You sound like you'd like Nyxt browser. Maybe check that out too, I've considered moving to it but I'd have to rewrite all of my userscripts in lisp instead of python and I don't want to do that.
Yeah I used to be intimidated by the tiling no mouse thing. Then I took the dive, once I got the hang of it I can't go back. Operating my system with one finger is just too tedious. With keyboard oriented and tiling it feels like operating my system with my mind via telepathy. I ran labwc for about 5 minutes before I logged out and went back to my sway environment.
Since I have an 28" 4K screen at home, I just prefer dragging windows around with the mouse. My laptop is a tiny, portable, 13 inch device with 1920x1080 pixels resolution so having a tiling WM there makes absolute sense. Since I use the laptop as literal laptop sometimes while on train, etc. not using the mouse to handle windows makes absolute sense to me.
I ran labwc for about 5 minutes before I logged out and went back to my sway environment.
I had the same first experience with it because it was/is mainly "advertised" as Openbox but for Wayland, and that you can reuse your Openbox configuration. Both is not correct. It is modeled after the box-look and supports some of Openbox's features, but a lot of things are missing. You also cannot re-use most of your configuration without any changes.

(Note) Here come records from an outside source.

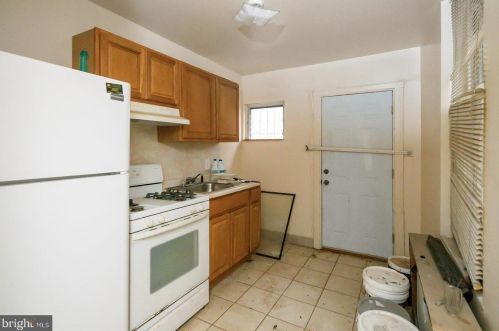 1637 Girard Ave, Philadelphia PA 19130-1514 exterior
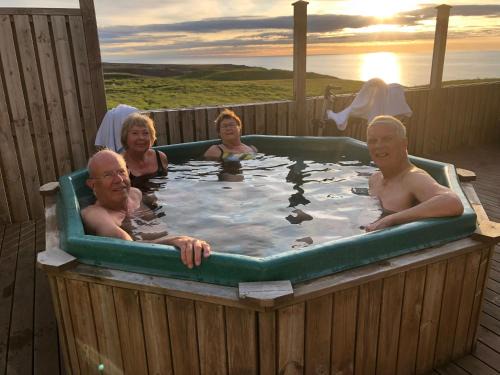 Reykjarholl Bed & Breakfast | Guesthouse Gimbur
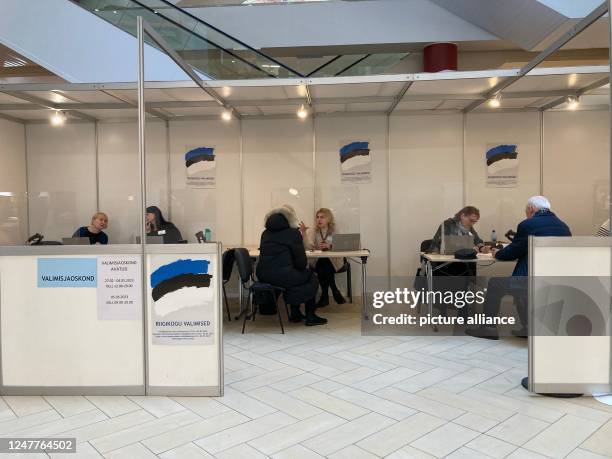 March 2023, Estonia, Tallinn: Voters register at a polling station in a shopping center to cast their ballots. A new record in so-called "e-voting"...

A few weeks ago I took a deep breath and spent the weekend building a configuration from scratch. Now it works very well and is almost as usable as Openbox. The two "real" downsides I have are menu icons, which are category C (not in scope, so this won't likely ever be implemented) and pipemenus, both are things that make up 95% of my Openbox menu setup. For icons I now use emojis and other Unicode characters and pipemenus well come with the next release.